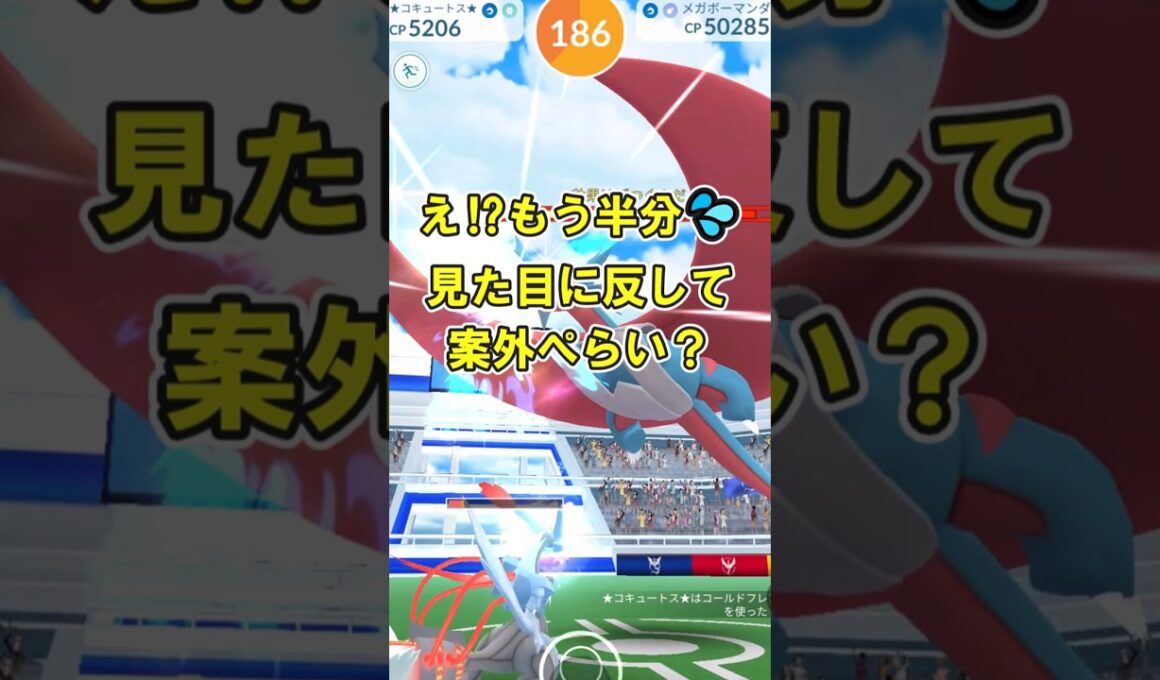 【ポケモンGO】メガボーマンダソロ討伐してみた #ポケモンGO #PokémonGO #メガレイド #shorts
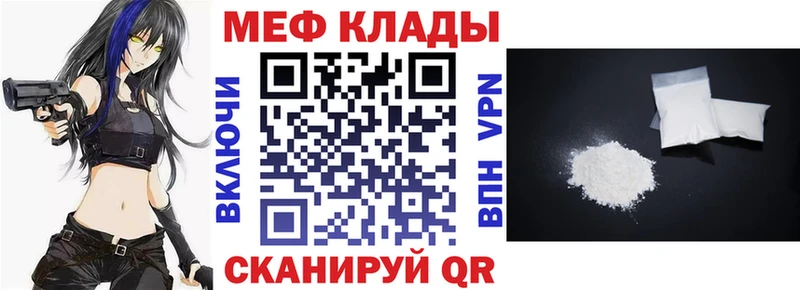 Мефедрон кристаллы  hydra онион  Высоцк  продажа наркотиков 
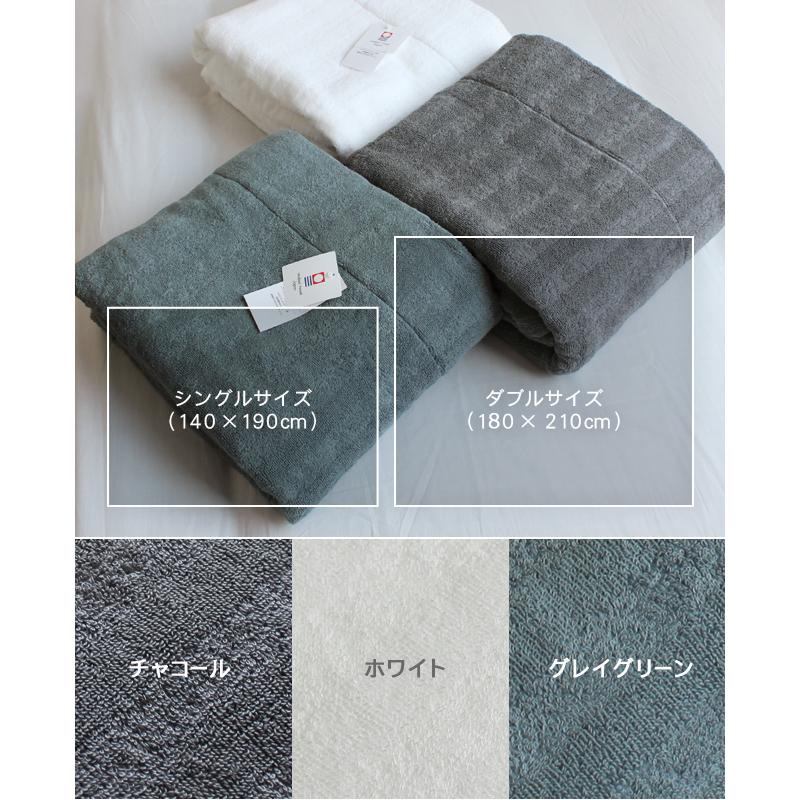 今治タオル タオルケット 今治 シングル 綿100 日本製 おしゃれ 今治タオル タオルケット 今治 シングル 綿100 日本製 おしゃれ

****************

Work to complete »
The answer is the full listing above, repeated exactly, with its pictures removed.

Reply to the task »
 【ポケモンGO】メガボーマンダソロ討伐してみた #ポケモンGO #PokémonGO #メガレイド #shorts
 Мефедрон кристаллы  hydra онион  Высоцк  продажа наркотиков 
 今治タオル タオルケット 今治 シングル 綿100 日本製 おしゃれ 今治タオル タオルケット 今治 シングル 綿100 日本製 おしゃれ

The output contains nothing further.